Have you ever found yourself in a situation where those around you are having conversations, but you’re not able to understand what they are saying? How about a scenario where you need to speak to someone, but a language barrier makes it impossible to communicate verbally?
Being bilingual or having a basic understanding multiple languages can be a critical skill in many real-life situations. Rocket Languages is an award-winning program, designed to teach you a new language, using practical conversation scenarios in short audio lessons.
Getting started with Rocket is simple and straightforward. Sign up for your account, choose your language, and dive right in. For me, I wanted to improve my Spanish comprehension, so in just a couple quick clicks, I was into Lesson 1 of Rocket Spanish. Rocket is also available in French, German, Japanese, Chinese, and Italian.

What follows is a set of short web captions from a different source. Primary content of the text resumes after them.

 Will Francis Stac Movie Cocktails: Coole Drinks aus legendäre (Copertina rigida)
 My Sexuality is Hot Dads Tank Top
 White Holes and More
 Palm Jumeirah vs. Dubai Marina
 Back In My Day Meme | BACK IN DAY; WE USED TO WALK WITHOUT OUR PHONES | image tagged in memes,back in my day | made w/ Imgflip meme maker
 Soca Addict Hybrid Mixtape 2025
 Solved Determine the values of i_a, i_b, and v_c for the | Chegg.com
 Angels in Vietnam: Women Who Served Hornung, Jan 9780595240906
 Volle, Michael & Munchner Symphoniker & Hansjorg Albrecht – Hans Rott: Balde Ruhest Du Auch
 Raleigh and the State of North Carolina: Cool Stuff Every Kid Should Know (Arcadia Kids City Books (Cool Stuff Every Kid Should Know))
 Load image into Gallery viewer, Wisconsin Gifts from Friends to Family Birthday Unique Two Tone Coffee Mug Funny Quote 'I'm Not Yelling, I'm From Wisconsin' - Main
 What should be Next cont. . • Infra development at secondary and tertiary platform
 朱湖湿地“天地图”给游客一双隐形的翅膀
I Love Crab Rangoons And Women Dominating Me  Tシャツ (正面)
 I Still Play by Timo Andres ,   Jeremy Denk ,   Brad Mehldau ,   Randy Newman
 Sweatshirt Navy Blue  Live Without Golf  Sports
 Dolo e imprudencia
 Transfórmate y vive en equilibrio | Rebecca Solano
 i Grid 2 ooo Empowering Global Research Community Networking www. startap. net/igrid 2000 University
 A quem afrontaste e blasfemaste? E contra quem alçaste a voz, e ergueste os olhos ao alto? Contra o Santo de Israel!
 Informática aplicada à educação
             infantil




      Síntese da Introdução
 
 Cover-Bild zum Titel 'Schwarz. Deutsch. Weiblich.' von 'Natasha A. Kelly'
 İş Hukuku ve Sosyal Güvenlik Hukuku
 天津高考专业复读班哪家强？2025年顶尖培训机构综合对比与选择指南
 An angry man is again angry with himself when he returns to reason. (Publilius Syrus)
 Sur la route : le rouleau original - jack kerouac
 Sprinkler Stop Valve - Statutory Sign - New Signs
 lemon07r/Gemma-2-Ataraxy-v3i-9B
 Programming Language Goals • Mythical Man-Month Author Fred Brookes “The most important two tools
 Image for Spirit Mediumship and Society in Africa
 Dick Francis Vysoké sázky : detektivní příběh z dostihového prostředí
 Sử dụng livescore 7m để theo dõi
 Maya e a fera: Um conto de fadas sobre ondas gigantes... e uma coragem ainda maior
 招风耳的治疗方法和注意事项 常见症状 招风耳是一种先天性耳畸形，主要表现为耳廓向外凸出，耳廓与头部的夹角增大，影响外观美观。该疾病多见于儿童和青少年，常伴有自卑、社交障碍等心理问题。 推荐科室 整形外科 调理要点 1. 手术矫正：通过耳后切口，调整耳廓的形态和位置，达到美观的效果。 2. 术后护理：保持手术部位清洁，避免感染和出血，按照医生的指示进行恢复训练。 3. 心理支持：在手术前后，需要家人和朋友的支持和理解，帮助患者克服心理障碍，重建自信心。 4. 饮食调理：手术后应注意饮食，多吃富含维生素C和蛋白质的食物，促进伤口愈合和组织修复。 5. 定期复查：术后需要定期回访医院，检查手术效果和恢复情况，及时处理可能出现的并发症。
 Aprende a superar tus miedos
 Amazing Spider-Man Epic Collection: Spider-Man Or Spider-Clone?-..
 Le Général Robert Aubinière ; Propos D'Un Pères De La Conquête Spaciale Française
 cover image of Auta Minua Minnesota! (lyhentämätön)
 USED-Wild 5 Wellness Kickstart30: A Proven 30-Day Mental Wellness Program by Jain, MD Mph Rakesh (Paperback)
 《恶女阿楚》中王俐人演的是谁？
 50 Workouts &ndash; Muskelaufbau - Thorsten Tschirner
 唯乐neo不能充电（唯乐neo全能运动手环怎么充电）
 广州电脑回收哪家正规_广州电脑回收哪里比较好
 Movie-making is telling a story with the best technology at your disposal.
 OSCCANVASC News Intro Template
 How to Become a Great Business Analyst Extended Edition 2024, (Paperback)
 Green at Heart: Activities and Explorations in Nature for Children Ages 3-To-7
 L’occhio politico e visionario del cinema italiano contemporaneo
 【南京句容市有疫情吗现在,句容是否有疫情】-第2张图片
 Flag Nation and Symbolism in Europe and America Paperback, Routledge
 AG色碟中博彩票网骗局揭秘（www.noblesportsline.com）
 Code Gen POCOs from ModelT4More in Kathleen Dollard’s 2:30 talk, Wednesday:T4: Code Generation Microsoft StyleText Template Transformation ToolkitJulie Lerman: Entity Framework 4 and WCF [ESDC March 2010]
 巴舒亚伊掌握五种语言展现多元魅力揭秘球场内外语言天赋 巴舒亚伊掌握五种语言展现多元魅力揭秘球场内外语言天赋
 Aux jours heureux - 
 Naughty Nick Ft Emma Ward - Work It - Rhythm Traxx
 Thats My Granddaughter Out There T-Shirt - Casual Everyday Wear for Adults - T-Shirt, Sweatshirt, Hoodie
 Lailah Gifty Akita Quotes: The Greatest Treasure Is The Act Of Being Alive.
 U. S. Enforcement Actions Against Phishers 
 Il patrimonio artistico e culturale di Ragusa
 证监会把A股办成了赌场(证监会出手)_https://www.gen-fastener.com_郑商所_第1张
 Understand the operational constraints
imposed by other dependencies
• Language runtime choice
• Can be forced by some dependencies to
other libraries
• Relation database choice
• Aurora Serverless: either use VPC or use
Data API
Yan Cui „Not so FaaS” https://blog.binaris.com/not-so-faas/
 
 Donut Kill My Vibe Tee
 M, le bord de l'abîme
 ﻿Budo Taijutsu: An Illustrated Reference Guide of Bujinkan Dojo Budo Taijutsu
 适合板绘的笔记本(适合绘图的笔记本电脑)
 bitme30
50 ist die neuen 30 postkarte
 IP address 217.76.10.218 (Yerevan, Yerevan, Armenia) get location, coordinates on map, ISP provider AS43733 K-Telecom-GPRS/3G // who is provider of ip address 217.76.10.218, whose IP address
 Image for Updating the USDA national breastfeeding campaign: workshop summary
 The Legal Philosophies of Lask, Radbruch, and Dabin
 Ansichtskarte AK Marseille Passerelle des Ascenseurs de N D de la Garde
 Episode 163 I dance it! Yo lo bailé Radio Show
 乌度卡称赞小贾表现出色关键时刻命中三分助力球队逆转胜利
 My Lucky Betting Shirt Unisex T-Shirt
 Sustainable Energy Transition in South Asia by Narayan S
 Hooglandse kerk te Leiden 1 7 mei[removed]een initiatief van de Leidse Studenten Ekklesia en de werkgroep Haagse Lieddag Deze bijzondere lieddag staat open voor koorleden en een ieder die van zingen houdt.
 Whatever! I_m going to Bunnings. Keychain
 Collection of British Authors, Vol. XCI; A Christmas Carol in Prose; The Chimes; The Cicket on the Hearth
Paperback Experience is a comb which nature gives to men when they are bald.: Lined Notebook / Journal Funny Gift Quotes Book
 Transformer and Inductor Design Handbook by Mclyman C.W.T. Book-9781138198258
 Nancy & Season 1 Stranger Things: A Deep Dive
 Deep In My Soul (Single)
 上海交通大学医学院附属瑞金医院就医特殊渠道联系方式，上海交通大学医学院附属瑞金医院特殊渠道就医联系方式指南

Using Rocket to learn language is based around the idea of vocalizing, repetition, and recall. Each lesson involves two people alternating in the lesson – Amy and Mauricio for me. As they walk you through the lesson, they consistently remind you of words you’ve been exposed to along the way, as well as new words. This forces the user to truly learn what certain words or phrases mean in conversation.
Aside from the functional aspect, the Rocket Languages app for iOS is a bit disappointing. Within the first lesson, I began attempting to use the recording feature to see if my pronunciation was accurate. After several attempts to record, I simply gave up. Being able to take the lessons with me on my iPhone is wonderful, but feeling like I’m missing out on a part of the training is disappointing.
One of the key features that makes Rocket motivating is the user ranking. Based on the number of courses you’ve completed and consistency of participation, your rank is higher or lower than other Rocket Languages users. For those that love a little competition, this can push you to truly work through the lessons, and ultimately improve your language skills.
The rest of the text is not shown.